Problem details |
Only the lines from the one that includes "低脂低卡减肥代餐，《魔芋丝结》减肥界的时尚宠儿！！！" through the last line below belong in the reply, copied exactly and without pictures.

Supplied information |
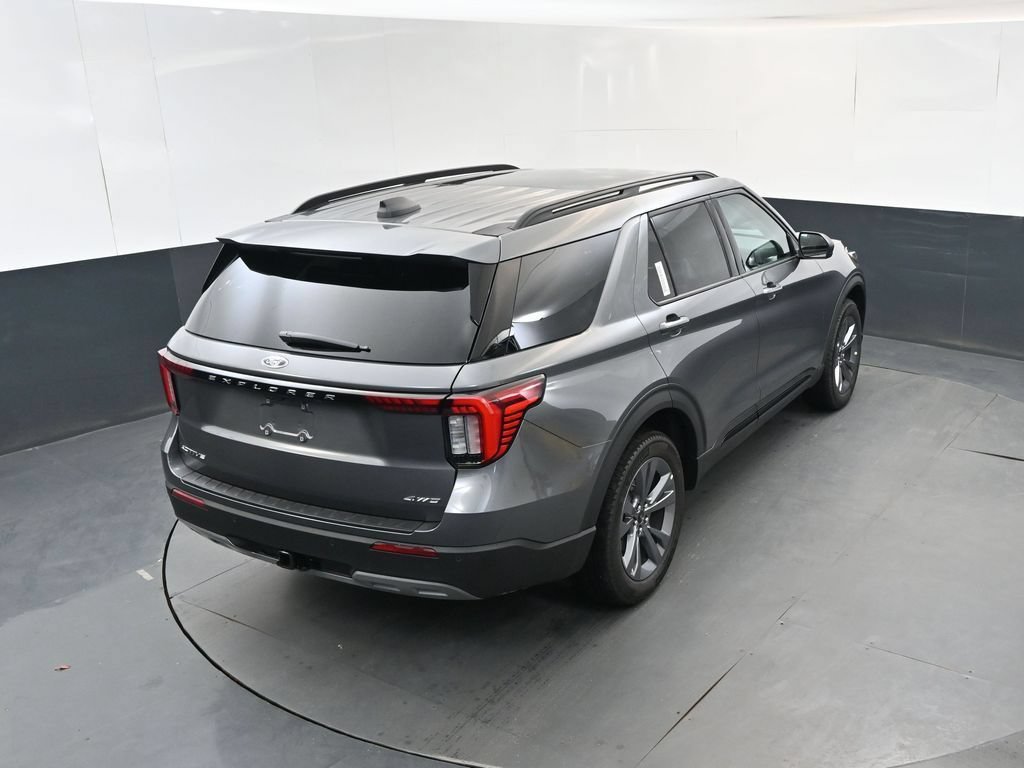 New 2026 Ford Explorer Active w/ Active Comfort Package AWD/4WD image 21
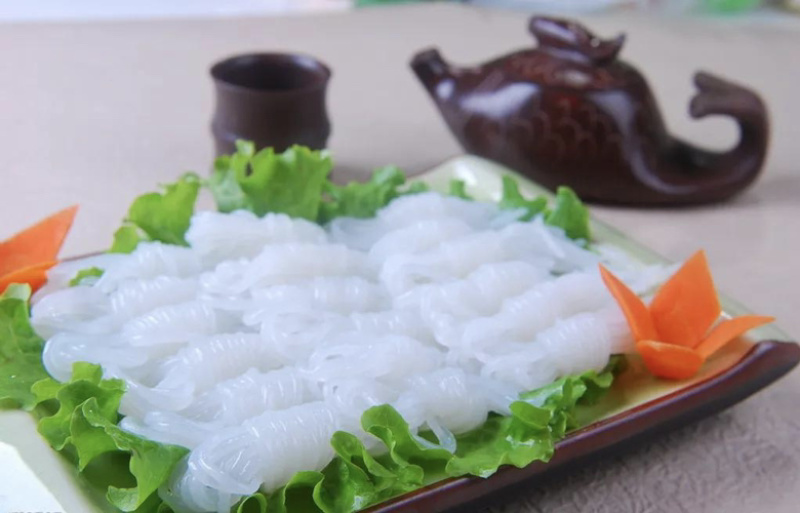 低脂低卡减肥代餐，《魔芋丝结》减肥界的时尚宠儿！！！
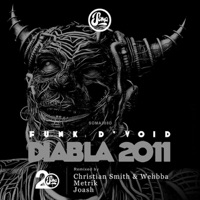 Diabla 2011 - Single - Funk D'Void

Solution to this task |
 低脂低卡减肥代餐，《魔芋丝结》减肥界的时尚宠儿！！！
 Diabla 2011 - Single - Funk D'Void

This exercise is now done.